While it seems like cash will burn a hole in your pocket and lead to quicker spending, it actually has the opposite effect. Forking over cold hard cash is much different than simply sliding a card. It is tangible–and visual–so you you’re aware of exactly how much of your money you’re burning through. Set a spending budget for yourself for the week and pull out that amount of cash in the beginning of the week. As the week progresses you’ll see just how much money you’re left with, and that spending is likely to decrease as you see those bills in your wallet disappearing.
Get in Your Own Head
It may seem like overspending is mindless, but there is psychology behind everything we do. In order to curb frivolous spending, it’s important to find what it is that triggers it in the first place. When do you tend to overspend? A certain time of day? Perhaps when bored and online on a break at work? What mood are you in when you typically overspend? Once you establish what it is that leads to your unnecessary spending, you can begin to break the habits. Sometimes simply becoming aware of these triggers serves as a deterrent, while others may time some training to overcome.
Repel the Peer Pressure
Peer pressure does not exclusively exist within high school parties. In fact, it is the social element of our lives that is often the biggest culprit of our overspending. Though the people in your life don’t intentionally set out to sabotage your budget, it’s likely that you spend more money when out with friends–especially if said friends are also not the best budgeters. While sometimes you’ll ultimately have to make the responsible decision to decline certain invitations, there are ways to avoid overspending social situations without inducing serious FOMO (fear of missing out). Suggest grabbing coffee instead of breakfast, or eating in with a bottle of wine instead of going out for dinner and drinks. And ultimately, let your friends know that you’re attempting to spend less money. By making them aware, they can suggest future plans that are perhaps less financially intensive, and maybe, they’ll join you in saving!
Track Your Spending
Keeping a diligent eye on your finances and tracking your spending is so incredibly important. In fact, if you don’t remain cognisant of what is going in and out of your bank account at all times, you’ll never be in control of your spending–and you especially won’t ever get in front of it. While keeping and balancing a checkbook might seem antiquated to younger generations, sometimes old school is the way to go. Writing and deducting all of your spending by hand keeps you up close and personal with your finances, and as a result, you’ll be confronted with how you spend every single penny. As you become more used to budgeting, you can use tools such as budgeting apps to help you track your money. Just remember to stay consistent in your tracking. The worst thing you can do is simply check your online balance from time to time while mindlessly swiping your card!

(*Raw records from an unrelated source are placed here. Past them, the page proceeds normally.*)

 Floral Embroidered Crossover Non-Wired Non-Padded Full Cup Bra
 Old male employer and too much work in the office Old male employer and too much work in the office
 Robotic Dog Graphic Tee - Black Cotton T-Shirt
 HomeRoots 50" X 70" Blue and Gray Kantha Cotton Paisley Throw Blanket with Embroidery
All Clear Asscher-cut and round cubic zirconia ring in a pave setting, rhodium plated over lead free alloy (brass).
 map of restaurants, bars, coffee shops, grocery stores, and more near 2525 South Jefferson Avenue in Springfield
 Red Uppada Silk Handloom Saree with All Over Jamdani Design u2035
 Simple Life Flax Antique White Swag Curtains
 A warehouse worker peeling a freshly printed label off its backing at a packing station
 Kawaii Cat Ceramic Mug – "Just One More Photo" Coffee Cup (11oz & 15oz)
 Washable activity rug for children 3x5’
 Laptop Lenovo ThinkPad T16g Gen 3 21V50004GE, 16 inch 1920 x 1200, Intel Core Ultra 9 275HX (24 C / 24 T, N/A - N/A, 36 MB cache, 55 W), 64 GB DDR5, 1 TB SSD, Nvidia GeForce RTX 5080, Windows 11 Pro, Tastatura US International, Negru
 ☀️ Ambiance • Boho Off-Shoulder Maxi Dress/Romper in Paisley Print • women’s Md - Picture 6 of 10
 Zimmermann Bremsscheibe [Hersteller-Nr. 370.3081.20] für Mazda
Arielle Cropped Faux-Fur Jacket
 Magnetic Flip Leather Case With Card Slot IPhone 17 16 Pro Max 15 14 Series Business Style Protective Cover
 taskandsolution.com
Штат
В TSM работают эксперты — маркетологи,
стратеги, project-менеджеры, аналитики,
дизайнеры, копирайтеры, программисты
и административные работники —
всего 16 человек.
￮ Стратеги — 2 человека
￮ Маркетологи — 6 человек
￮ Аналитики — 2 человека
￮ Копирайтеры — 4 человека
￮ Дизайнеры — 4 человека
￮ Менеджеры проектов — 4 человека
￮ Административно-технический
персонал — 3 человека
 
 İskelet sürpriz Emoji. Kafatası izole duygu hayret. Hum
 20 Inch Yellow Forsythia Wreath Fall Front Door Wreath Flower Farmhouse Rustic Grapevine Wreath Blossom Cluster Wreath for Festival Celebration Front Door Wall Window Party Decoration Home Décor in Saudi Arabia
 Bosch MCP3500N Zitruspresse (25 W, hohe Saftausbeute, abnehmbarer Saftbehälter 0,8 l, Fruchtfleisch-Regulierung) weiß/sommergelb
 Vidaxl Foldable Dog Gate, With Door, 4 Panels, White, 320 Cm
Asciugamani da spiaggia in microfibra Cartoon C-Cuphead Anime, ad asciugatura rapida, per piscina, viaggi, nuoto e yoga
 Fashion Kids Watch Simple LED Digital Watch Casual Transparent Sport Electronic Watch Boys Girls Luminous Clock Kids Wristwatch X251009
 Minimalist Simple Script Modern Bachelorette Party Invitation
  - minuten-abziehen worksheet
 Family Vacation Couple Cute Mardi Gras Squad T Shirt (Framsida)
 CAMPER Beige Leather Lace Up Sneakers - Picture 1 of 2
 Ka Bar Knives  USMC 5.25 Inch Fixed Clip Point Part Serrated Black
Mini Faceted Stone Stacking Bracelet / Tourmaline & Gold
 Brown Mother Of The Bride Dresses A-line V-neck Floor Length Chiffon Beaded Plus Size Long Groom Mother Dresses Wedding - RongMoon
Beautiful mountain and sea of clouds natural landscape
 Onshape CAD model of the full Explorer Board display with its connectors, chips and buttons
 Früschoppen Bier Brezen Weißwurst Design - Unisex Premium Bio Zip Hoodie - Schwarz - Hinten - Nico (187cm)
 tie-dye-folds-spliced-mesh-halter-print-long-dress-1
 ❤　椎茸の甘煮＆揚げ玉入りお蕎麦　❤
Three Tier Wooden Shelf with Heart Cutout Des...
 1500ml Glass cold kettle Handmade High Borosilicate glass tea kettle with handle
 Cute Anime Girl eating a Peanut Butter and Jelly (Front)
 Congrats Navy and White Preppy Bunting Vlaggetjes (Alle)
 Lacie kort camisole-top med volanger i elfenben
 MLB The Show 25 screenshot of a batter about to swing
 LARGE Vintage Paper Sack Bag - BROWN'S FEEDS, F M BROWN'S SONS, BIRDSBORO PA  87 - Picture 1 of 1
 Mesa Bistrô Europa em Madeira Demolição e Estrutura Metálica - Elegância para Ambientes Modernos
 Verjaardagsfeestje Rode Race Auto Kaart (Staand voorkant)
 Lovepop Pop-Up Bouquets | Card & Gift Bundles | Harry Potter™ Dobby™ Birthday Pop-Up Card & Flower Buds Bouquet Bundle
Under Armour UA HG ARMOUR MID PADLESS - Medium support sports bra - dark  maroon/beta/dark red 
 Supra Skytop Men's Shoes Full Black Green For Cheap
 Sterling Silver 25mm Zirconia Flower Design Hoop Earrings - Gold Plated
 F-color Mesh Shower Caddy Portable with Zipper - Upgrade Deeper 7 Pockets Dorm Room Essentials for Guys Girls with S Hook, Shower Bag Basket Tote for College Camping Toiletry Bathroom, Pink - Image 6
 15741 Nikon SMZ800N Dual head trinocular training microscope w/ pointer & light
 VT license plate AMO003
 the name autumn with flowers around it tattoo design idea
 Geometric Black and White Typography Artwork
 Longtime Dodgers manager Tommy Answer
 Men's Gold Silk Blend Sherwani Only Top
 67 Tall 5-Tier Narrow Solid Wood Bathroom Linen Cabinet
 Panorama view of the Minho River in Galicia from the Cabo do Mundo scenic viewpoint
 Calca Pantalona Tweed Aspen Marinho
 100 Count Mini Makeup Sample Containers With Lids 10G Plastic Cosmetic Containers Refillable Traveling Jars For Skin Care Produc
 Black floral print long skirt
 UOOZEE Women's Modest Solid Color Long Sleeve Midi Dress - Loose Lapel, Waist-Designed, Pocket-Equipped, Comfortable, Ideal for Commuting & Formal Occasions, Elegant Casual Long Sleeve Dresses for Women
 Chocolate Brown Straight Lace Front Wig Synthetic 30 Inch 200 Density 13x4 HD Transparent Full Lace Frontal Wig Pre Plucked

Spend Your Money Ahead of Time
No, don’t actually blow your whole paycheck at the beginning of the month. Instead, have a set budget that you abide by, in which every dollar has a predetermined home. Rationing your money and allocating it to different categories (bills, groceries, gas, entertainment, etc.) ahead of time ensures less mindless spending. You’ll look at your account balance and see money that’s already has an assigned purpose instead of a sum of money waiting to be spent!